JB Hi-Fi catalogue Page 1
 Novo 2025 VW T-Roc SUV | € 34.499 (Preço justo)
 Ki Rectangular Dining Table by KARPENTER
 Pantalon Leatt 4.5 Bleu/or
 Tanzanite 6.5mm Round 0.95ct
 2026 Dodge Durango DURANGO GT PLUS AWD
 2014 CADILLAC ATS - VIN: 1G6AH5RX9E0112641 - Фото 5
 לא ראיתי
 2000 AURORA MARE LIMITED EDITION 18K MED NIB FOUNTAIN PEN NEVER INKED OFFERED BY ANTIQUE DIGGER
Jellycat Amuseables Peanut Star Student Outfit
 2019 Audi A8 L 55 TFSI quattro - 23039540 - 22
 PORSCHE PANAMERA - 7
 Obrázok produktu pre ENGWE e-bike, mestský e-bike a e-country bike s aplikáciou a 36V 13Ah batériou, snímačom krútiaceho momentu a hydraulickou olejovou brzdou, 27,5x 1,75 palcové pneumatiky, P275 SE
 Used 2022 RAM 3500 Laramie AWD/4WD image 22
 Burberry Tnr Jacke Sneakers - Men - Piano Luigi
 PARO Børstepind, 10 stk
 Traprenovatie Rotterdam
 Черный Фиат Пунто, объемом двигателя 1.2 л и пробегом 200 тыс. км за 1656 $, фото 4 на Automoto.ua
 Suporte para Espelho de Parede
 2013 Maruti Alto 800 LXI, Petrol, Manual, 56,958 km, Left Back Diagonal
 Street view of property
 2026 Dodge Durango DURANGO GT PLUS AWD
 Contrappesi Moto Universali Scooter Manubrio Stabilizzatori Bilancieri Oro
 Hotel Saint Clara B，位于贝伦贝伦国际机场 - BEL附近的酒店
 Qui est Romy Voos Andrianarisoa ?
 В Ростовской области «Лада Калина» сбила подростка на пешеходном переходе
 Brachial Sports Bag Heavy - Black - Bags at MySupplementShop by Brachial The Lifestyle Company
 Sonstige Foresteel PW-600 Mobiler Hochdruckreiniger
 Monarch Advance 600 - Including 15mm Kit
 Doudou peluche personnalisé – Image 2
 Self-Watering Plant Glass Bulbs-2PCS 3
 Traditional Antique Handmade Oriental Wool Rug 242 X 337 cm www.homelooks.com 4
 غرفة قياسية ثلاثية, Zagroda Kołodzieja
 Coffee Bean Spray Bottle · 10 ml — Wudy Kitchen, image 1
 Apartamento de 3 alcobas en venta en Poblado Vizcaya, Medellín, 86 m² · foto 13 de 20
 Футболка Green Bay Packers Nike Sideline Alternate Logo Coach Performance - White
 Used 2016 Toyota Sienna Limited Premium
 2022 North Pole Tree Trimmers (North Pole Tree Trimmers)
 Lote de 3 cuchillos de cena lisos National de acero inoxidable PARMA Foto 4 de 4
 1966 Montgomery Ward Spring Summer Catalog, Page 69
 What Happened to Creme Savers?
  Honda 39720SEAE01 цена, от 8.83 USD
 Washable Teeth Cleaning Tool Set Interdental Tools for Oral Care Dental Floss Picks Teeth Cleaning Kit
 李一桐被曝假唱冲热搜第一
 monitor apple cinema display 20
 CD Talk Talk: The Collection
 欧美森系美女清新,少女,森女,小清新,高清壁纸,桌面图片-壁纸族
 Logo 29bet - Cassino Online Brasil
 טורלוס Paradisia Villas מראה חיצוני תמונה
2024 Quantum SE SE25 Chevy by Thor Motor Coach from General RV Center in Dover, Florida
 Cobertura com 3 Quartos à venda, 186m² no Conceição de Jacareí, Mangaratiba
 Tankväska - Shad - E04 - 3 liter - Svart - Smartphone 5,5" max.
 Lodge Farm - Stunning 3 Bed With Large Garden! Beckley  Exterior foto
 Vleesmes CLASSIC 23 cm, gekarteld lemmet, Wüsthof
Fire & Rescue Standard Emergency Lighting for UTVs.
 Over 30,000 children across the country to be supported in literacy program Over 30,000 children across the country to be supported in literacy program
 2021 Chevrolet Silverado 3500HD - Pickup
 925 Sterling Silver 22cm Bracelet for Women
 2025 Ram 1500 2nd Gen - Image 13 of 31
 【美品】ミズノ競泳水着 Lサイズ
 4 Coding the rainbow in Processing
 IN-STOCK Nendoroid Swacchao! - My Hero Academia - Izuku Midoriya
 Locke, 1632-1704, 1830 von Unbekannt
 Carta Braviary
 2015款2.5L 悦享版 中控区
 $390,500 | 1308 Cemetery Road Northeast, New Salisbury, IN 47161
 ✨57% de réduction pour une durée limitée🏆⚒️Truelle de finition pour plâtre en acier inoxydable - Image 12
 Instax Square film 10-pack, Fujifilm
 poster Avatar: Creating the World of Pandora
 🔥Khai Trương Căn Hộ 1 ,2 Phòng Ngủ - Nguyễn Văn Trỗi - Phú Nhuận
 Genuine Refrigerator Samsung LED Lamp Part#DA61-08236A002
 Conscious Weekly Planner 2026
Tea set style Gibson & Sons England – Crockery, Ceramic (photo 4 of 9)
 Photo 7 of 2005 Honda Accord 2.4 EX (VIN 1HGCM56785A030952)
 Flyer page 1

Required work.
Only those lines of the entries above that run from the line containing "Suporte para Espelho de Parede" to the line containing "Qui est Romy Voos Andrianarisoa ?", both included, should be transcribed exactly.

Reply to the exercise.
 Suporte para Espelho de Parede
 2013 Maruti Alto 800 LXI, Petrol, Manual, 56,958 km, Left Back Diagonal
 Street view of property
 2026 Dodge Durango DURANGO GT PLUS AWD
 Contrappesi Moto Universali Scooter Manubrio Stabilizzatori Bilancieri Oro
 Hotel Saint Clara B，位于贝伦贝伦国际机场 - BEL附近的酒店
 Qui est Romy Voos Andrianarisoa ?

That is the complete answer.